[Work task]
Please repeat only the stretch of records running from the first line through the line that contains "Super Townhouse Oak".

Items from a dataset:
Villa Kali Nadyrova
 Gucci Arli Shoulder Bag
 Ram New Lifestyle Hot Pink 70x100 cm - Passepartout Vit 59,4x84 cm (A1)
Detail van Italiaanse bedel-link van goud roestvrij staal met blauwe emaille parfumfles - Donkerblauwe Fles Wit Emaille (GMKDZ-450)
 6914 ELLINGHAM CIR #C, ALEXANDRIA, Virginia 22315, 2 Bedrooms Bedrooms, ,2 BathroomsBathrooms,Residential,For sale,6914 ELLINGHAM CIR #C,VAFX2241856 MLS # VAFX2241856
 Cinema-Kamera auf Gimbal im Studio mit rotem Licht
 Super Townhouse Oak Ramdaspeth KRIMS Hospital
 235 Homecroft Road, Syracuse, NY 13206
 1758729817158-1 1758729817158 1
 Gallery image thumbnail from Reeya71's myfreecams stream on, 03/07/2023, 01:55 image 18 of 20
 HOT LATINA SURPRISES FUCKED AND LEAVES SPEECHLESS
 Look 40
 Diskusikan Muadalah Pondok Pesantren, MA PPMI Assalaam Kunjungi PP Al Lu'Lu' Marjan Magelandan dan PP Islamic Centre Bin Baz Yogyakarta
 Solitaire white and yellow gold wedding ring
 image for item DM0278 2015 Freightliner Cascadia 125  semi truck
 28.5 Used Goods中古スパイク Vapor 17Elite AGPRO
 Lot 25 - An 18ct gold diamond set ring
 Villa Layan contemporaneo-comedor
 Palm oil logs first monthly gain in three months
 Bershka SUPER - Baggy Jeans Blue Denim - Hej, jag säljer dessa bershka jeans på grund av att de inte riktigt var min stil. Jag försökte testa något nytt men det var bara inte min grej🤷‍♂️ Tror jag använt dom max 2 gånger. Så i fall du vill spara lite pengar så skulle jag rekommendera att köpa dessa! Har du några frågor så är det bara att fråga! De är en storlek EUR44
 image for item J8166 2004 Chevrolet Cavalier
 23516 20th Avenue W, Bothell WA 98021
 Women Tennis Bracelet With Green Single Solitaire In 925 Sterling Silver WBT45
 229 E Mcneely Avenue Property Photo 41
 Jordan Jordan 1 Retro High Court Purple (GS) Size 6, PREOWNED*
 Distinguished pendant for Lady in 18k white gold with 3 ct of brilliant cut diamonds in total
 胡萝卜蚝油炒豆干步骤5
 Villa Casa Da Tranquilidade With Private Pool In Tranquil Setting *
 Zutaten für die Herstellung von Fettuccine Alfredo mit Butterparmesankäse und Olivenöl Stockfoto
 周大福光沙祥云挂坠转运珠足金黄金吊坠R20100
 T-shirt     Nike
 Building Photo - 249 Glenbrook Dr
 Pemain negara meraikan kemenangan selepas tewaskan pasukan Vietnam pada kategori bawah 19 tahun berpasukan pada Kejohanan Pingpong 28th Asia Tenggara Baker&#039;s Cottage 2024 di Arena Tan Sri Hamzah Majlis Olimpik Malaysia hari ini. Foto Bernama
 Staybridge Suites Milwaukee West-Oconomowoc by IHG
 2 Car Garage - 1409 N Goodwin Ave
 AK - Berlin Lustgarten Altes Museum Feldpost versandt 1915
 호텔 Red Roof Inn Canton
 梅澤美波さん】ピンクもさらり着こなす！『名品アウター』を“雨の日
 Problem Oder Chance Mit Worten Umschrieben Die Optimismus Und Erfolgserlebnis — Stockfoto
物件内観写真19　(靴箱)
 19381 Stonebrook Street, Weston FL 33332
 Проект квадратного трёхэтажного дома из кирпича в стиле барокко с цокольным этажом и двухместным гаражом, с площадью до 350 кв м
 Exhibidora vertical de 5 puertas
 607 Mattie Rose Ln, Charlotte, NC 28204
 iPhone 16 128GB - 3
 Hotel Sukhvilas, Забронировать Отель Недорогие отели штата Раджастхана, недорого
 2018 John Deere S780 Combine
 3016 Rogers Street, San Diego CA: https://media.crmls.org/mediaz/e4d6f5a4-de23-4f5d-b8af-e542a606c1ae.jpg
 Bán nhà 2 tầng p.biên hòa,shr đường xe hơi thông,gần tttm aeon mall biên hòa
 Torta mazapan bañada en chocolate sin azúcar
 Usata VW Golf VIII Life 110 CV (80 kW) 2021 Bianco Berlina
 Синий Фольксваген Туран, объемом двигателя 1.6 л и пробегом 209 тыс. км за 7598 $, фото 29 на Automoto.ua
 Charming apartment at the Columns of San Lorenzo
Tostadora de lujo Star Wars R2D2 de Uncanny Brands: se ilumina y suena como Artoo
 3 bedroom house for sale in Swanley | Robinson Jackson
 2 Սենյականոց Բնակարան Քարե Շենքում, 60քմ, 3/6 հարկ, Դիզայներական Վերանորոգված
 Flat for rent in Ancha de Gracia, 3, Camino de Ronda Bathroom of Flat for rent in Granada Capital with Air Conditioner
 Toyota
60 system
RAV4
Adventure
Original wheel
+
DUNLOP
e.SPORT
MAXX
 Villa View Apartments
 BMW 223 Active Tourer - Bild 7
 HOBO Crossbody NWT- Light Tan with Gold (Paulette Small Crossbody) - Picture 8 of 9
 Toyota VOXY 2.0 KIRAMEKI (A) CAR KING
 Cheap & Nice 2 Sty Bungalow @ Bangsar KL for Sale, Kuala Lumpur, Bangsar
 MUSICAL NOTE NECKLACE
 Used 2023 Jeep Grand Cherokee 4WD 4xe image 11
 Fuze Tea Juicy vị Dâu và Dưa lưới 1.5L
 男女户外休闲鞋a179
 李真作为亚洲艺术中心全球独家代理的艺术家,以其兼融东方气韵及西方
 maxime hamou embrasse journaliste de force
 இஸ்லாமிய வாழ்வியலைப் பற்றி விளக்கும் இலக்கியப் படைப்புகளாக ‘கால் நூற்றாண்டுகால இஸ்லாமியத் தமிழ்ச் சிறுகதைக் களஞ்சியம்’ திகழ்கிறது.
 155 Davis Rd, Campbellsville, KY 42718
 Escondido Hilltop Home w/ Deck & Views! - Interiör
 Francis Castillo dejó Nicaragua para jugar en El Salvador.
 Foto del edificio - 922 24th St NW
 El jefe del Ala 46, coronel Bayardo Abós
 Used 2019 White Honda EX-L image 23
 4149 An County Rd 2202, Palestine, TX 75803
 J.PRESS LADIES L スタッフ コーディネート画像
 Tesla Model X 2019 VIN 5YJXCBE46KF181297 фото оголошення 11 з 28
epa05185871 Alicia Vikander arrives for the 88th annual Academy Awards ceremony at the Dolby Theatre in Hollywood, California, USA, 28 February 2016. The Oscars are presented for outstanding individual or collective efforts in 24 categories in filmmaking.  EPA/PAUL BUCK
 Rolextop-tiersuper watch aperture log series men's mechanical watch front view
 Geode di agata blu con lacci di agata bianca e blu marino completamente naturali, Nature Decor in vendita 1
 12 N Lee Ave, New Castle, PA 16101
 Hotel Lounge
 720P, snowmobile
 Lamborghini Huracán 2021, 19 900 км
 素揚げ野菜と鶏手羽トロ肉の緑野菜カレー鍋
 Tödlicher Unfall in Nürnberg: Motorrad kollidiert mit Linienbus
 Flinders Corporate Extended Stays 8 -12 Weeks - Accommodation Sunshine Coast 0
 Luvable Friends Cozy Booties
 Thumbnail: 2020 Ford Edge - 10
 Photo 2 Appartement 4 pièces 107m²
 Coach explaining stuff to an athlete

[Reply to the task]
Villa Kali Nadyrova
 Gucci Arli Shoulder Bag
 Ram New Lifestyle Hot Pink 70x100 cm - Passepartout Vit 59,4x84 cm (A1)
Detail van Italiaanse bedel-link van goud roestvrij staal met blauwe emaille parfumfles - Donkerblauwe Fles Wit Emaille (GMKDZ-450)
 6914 ELLINGHAM CIR #C, ALEXANDRIA, Virginia 22315, 2 Bedrooms Bedrooms, ,2 BathroomsBathrooms,Residential,For sale,6914 ELLINGHAM CIR #C,VAFX2241856 MLS # VAFX2241856
 Cinema-Kamera auf Gimbal im Studio mit rotem Licht
 Super Townhouse Oak Ramdaspeth KRIMS Hospital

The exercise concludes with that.